Bug 219411

Summary: [zfs] Stale zpool.cache corrupts renamed (but not exported) root zpool on boot
Product: Base System Reporter: eborisch+FreeBSD
Component: kernAssignee: freebsd-fs (Nobody) <fs>
Status: New ---    
Severity: Affects Some People CC: pi
Priority: ---    
Version: 11.0-STABLE   
Hardware: Any   
OS: Any   

Description eborisch+FreeBSD 2017-05-20 03:55:11 UTC
If the root zpool is -- via LiveCD -- renamed, but not exported, and the zpool.cache file is not removed, two versions of the pool (old and new name) are imported, and corruption soon follows.

Discussed on mailing list: https://lists.freebsd.org/pipermail/freebsd-fs/2017-May/024717.html

Steps to reproduce (don't do it to your live system!):

Install FreeBSD root-on-zfs
Reboot into LiveCD 
Rename the installed root pool [1] [2] [3]
Reboot into installed OS.
Two pools will show under zpool list/status: the original name and the new name. Errors are quickly reported, and the pool is corrupted (will no longer import) very quickly. Kick off a scrub on either pool to force the issue for testing.

Notes:
[1] To do this, a 'zfs import -f ...' is required, as you can't export your root pool while it is, well, your root pool. There was some discussion on the mailing list if this is sufficient to just say "well, you've shot yourself in the foot, congrats, not a bug." I contend it is not, as it is the existence of the stale cache file that seems to cause the problem; the zpool itself is perfectly happy after being imported in this way. A bad config (cache) file shouldn't corrupt a zpool on boot.
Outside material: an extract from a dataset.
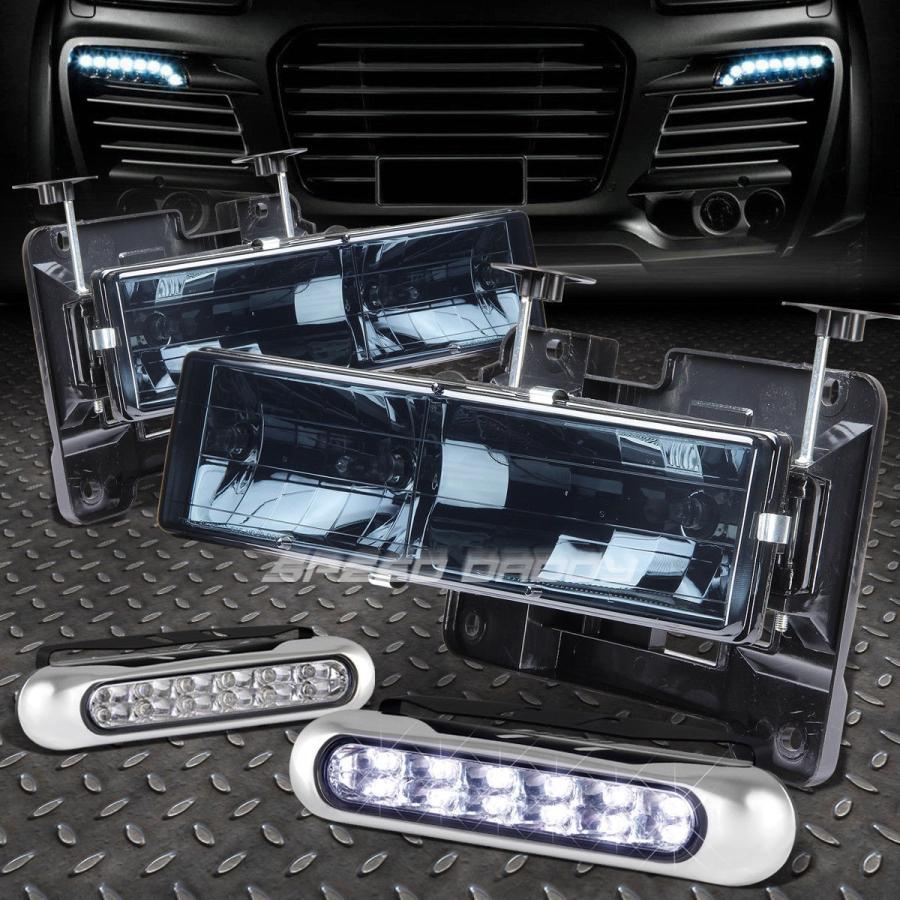 USフォグライト SMOKED HOUSING HEADLIGHT HEADLAMP + 88-98 CHEVY C10 C / K用LEDグリルフォ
Halt the boot, by all means, if necessary, but don't trash the pool.

[2] If you mount the pool at this point and remove the old zpool.cache file, the problem does not appear on reboot and everything appears to be OK.
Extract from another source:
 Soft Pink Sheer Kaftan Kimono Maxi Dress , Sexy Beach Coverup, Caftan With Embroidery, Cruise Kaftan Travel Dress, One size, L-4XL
[3] If you export the pool before rebooting at this point, with our without removing the old zpool.cache file, the problem also doesn't occur.

It seems that some combination of the bootloader's initial opening of a "currently imported" pool and the handoff to the kernel (and later parsing of the zpool.cache file) mishandles the case where a pool described in the cache file with a different name but the same GUID is improperly imported again.